Hi All,
I'm now able to fix the problem. Thank you everyone. The summary of the
problem is as follows:
Problem:
<nutch-source>/build/plugins/<plugin-name-existing>/plugin.xml was
overwritten when I used plugin-name-existing as an id in the
<nutch-source>/src/plugin/<plugin-name-new>/plugin.xml:/plugin[@id]. It
was my mistake, but after I corrected it (change /plugin[@id] to
plugin-name-new), the
<nutch-source>/build/plugins/<plugin-name-existing>/plugin.xml has never
been re-copied by the build script.
Not sure if this is intended.
BTW. I found whitespace typo in the PluginManifestParser.java:187
Current:
LOG.debug("plugin: id=" + id + " name=" + name + " version=" + version
+ " provider=" + providerName + "class=" + pluginClazz);
Correct: (space before class)
LOG.debug("plugin: id=" + id + " name=" + name + " version=" + version
+ " provider=" + providerName + " class=" + pluginClazz);
Regards,
Ake Tangkananond
On 8/3/12 7:56 PM, "Ake Tangkananond" <[email protected]> wrote:
>Hello,
>
>Thank you for a very quick reply. Yes I run it in local mode. And my
>plugin's plugin.xml and parse-image.jar are present in the
>runtime/local/plugins.
>
>I just knew the root cause now. Here is how I find the cause:
>I insert the following code at PluginDescriptor.java line 288 to print out
>all lookup library path
> System.out.println(java.util.Arrays.toString(urls));
>And I see some problem here:
>
> [file:/usr/local/apache-nutch-2.0.0-source/runtime/local/plugins/parse-ht
>m
>l/parse-image.jar]
>
>Figuring out how to gracefully fix it. But if one knows the right fixing
>spot, please give me some light. xD
>
>
>BTW, I'm using IntelliJ IDEA but I don't know how to configure it with the
>Ivy project. Would be great if one could give me hands at iamake at gmail
>dot com ;-)
>
>
>
>Regards,
>Ake Tangkananond
>
>
>
>On 8/3/12 6:59 PM, "Ferdy Galema" <[email protected]> wrote:
>
>>Hi,
>>
>>Some quick pointers: Do you run it in local mode? Is your plugin's
>>plugin.xml and parse-image.jar present in runtime/local/plugins after you
>>build it? Do you use external libraries?
>>
>>Ferdy.
>>
>>On Fri, Aug 3, 2012 at 1:49 PM, Ake Tangkananond <[email protected]>
>>wrote:
>>
>>> Hello,
>>>
>>> I have question on the Nutch 2 plugin implementation.
>>>
>>> I am implementing an image parser. It used to work fine in Nutch 1.5,
>>>but
>>> after I migrate the code to Nutch 2.0, there are some errors which I
>>>spend
>>> several hours with it and I was unable to trace the cause of it yet.
>>>Would
>>> appreciate the insight here in the mailing list.
>>>
>>> While I was parsing the content fetched, I got the following error in
>>>the
>>> logs/hadoop.log
>>> 2012-08-03 18:28:25,304 ERROR parse.ParserFactory -
>>>PluginRuntimeException
>>> org.apache.nutch.plugin.PluginRuntimeException:
>>> java.lang.ClassNotFoundException: <my plugin class name>
>>> at
>>>
>>>org.apache.nutch.plugin.Extension.getExtensionInstance(Extension.java:16
>>>6
>>>)
>>> at
>>> org.apache.nutch.parse.ParserFactory.getFields(ParserFactory.java:209)
>>> at
>>>org.apache.nutch.parse.ParserJob.getFields(ParserJob.java:191)
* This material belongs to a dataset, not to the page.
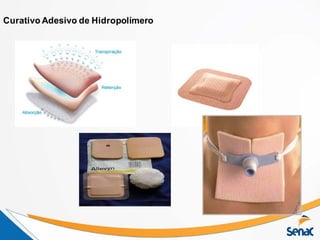 Curativo Adesivo de Hidropolímero
 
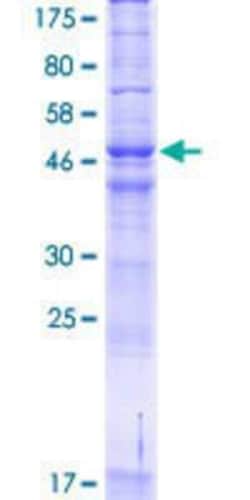 Novus Biologicals Recombinant Human ARV1 GST (N-Term) Protein 10 &mu;g | Buy Online | Novus Biologicals&trade; | Fisher Scientific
>>> at org.apache.nutch.parse.ParserJob.run(ParserJob.java:243)
>>> at org.apache.nutch.parse.ParserJob.parse(ParserJob.java:257)
>>> at org.apache.nutch.parse.ParserJob.run(ParserJob.java:300)
>>> at org.apache.hadoop.util.ToolRunner.run(ToolRunner.java:65)
>>> at org.apache.nutch.parse.ParserJob.main(ParserJob.java:304)
>>> Caused by: java.lang.ClassNotFoundException: <my plugin class name>
>>> at java.net.URLClassLoader$1.run(URLClassLoader.java:366)
>>> at java.net.URLClassLoader$1.run(URLClassLoader.java:355)
>>> at java.security.AccessController.doPrivileged(Native Method)
>>> at java.net.URLClassLoader.findClass(URLClassLoader.java:354)
>>> at java.lang.ClassLoader.loadClass(ClassLoader.java:423)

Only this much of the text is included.